- water to cover
- 1 cup dried lentils
- 1/2 cup wheat germ
- 1 small onion, finely diced
- 1/2 cup finely chopped green bell pepper
- 1/4 cup shredded mozzarella cheese
- 1 egg, beaten
- 1 tablespoon finely chopped green chile pepper
- 1 clove garlic, minced
- salt and ground black pepper to taste
- 1/4 cup vegetable oil, divided
- Pour enough water into a pot that will cover lentils and wheat germ; bring to a boil. Add lentils and wheat germ, reduce heat, and simmer until lentils are tender, adding more water if needed, 20 to 25 minutes. Remove pot from heat and cool slightly; mash lentil mixture until thick and lumpy.
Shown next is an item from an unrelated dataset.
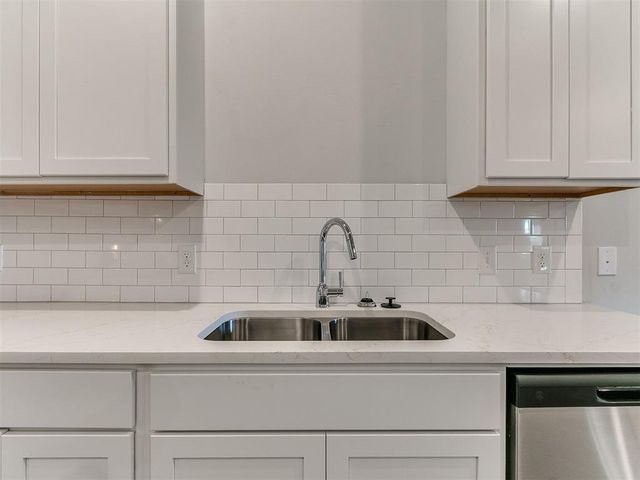 12974 Mannington Road, Edmond, OK 73025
- Transfer mashed lentil mixture to a bowl. Mix onion, green bell pepper, mozzarella cheese, egg, green chile pepper, garlic, salt, and pepper into lentil mixture until thoroughly mixed; shape into 8 patties.
- Heat about 2 tablespoons vegetable oil in a large skillet over high heat. Lower heat to medium-high and cook 4 patties in the hot oil until golden brown, about 3 minutes per side. Repeat with remaining oil and patties.